Отдышавшись, молодой кутник, наконец, пришёл в себя и вспомнил о сестрёнке, которая бухнулась со шкафа вместе с журналом. Он затаил дыхание и навострил уши в надежде услышать какие-либо звуки, определяющие, где сестрёнка и что с ней сейчас делают. Видеть из-за шторы он не мог, к тому же торец шкафа перекрывал ему обзор, но зато слышал он прекрасно всё, что говорила взволнованным голосом женщина своему супругу.
– Ты только представь себе, – запинаясь, рассказывала она о том, что ей пришлось сегодня пережить, – он ка-ак шмякнется мне на голову, а с головы прямиком на мизинец правой ноги, да ещё и уголком переплёта! Ты хоть понимаешь, что я едва не стала заикой от этого журнала! Так неожиданно всё это произошло! А ты, милый мой, если собираешь хлам по дому, то неси его себе в гараж, нечего по шкафам разбрасывать! – завершила свои претензии женщина назидательным тоном.

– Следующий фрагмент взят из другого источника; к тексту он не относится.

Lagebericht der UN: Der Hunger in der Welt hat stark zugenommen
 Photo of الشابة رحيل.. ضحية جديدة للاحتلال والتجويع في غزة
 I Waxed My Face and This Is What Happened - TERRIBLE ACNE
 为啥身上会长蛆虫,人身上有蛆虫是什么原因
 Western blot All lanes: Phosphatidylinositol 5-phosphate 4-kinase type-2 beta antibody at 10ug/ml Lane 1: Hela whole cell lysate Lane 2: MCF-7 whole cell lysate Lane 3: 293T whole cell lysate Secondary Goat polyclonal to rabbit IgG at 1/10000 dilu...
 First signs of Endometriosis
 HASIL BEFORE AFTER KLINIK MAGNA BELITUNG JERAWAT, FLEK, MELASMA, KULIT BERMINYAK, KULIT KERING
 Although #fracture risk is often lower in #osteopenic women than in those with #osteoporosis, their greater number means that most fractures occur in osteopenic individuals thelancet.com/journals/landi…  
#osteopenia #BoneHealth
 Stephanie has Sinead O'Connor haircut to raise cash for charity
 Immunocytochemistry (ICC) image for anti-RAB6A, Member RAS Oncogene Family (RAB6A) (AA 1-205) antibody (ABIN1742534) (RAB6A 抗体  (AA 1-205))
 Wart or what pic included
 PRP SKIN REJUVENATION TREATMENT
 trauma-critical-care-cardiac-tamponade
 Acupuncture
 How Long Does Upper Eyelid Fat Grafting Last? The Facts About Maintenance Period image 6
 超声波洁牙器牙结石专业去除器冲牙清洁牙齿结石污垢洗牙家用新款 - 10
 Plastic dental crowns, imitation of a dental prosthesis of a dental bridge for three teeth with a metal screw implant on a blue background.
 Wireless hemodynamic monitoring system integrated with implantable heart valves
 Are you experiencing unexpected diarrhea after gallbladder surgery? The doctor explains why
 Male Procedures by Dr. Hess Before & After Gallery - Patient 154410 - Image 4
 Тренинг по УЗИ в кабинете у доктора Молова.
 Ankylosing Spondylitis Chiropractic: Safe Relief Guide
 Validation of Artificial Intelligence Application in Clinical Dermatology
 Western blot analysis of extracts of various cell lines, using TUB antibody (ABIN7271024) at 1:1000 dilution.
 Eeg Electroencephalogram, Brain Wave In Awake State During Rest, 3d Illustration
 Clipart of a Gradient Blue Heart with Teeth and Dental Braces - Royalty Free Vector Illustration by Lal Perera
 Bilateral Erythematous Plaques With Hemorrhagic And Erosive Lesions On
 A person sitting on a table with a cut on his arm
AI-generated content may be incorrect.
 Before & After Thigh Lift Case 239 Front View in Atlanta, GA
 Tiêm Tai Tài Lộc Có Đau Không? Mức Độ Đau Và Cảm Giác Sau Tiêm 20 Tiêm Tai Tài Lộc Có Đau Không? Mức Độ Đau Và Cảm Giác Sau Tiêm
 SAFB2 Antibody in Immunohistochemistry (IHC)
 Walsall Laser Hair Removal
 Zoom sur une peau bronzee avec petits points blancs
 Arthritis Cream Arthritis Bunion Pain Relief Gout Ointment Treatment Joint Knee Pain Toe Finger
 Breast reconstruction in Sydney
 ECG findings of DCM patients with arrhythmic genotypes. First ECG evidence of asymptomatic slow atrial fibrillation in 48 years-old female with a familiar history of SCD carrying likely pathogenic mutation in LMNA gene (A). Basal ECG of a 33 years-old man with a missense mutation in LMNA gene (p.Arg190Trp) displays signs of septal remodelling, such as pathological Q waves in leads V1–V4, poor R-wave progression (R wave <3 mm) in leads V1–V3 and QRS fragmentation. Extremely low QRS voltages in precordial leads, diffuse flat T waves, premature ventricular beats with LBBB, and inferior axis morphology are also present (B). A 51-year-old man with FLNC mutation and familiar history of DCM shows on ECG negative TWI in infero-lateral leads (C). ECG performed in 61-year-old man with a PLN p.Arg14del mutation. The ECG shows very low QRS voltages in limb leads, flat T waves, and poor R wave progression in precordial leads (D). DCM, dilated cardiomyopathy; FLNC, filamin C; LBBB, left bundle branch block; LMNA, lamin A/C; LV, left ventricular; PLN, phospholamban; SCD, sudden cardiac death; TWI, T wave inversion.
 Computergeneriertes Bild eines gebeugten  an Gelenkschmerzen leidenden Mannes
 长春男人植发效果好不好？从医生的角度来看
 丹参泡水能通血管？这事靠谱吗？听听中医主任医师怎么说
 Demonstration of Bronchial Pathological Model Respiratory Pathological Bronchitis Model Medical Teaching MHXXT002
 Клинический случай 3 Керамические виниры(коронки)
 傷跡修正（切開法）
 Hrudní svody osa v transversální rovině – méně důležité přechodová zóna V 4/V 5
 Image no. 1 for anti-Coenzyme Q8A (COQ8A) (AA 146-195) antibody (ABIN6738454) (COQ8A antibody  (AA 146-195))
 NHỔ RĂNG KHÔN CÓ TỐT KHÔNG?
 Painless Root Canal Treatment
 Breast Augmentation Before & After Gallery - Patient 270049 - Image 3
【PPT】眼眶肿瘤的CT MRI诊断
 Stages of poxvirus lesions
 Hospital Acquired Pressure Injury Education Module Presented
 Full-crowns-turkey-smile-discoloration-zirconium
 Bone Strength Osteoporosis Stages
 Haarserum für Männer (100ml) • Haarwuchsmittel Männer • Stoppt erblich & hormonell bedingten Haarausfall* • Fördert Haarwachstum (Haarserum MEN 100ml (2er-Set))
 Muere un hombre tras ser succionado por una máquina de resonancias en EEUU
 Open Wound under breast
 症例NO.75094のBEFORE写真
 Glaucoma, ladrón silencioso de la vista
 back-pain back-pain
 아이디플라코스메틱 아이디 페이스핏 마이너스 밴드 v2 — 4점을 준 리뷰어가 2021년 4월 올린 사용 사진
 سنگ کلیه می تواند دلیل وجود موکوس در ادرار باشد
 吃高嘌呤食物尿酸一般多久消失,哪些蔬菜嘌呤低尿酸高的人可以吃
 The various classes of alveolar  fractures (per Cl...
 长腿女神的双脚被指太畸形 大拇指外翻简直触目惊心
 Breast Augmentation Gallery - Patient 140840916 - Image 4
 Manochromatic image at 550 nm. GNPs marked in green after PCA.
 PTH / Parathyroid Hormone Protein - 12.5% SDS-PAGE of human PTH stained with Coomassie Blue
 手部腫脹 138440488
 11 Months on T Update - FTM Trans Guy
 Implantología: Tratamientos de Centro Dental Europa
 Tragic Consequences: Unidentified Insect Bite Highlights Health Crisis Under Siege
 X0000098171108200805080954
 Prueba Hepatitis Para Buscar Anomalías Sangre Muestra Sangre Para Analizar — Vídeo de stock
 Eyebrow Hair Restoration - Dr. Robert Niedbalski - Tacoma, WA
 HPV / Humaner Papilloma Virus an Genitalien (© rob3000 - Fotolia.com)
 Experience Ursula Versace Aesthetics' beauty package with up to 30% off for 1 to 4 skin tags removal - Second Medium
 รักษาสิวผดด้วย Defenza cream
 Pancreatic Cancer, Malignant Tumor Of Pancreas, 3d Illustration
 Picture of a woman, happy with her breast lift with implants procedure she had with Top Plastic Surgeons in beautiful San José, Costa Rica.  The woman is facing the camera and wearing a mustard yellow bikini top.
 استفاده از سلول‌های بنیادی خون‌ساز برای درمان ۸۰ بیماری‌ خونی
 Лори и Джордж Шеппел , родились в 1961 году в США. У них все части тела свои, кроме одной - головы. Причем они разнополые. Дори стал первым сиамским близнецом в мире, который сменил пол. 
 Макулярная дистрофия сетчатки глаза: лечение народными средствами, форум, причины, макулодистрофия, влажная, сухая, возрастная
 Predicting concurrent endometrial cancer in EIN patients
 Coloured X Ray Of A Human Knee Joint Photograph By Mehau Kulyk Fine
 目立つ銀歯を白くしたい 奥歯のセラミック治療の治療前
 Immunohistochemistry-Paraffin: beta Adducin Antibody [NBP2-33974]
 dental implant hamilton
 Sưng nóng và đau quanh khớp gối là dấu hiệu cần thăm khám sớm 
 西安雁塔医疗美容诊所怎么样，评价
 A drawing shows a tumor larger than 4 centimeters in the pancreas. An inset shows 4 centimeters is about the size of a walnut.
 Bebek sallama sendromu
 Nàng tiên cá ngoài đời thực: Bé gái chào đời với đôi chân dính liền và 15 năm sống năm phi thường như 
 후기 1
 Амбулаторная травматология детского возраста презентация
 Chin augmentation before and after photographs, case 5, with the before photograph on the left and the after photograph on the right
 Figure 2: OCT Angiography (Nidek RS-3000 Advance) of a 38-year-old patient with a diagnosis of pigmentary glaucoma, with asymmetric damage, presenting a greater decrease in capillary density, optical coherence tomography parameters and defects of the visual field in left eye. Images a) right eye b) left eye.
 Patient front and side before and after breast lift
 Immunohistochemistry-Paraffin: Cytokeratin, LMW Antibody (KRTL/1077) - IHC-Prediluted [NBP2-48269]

– Милая, если бы ты не поленилась закрыть форточку, то не сдуло бы журнал со шкафа! Это всё сквозняки виноваты, уж поверь моему опыту!
– Сквозняки? Какие такие сквозняки, любимый? – ехидным голосом, с нотками зарождающейся истерики спросила своего супруга женщина. – Ты ещё Барабашку с Бабайкой сюда приплети, и то правдоподобней получится!
"А вот это она зря нечисть вслух помянула, – подумал Кроха. – Если Барабашку ещё можно как-то умаслить, то со старым Бабайкой, появись он в квартире, такой фокус не пройдёт! Тут даже поповское кадило бессильно. Нипочём ему эти обряды, не из этих он мест. Потому и привычные здесь заговоры против тутошних нечистых на него не действуют. Хорошо ещё, что трижды подряд его имя не повторила, не хлопнула шесть раз в ладоши, да не повернулась вокруг себя девять раз через левое плечо. Не то жди беды! На такой позыв ближайший Бабайка бросит тех, кого сейчас изводит, и мигом примчится на новое место, жадно потирая смуглые морщинистые ручонки. Вот тогда ни людям, ни домовым в этом доме житья уже не будет".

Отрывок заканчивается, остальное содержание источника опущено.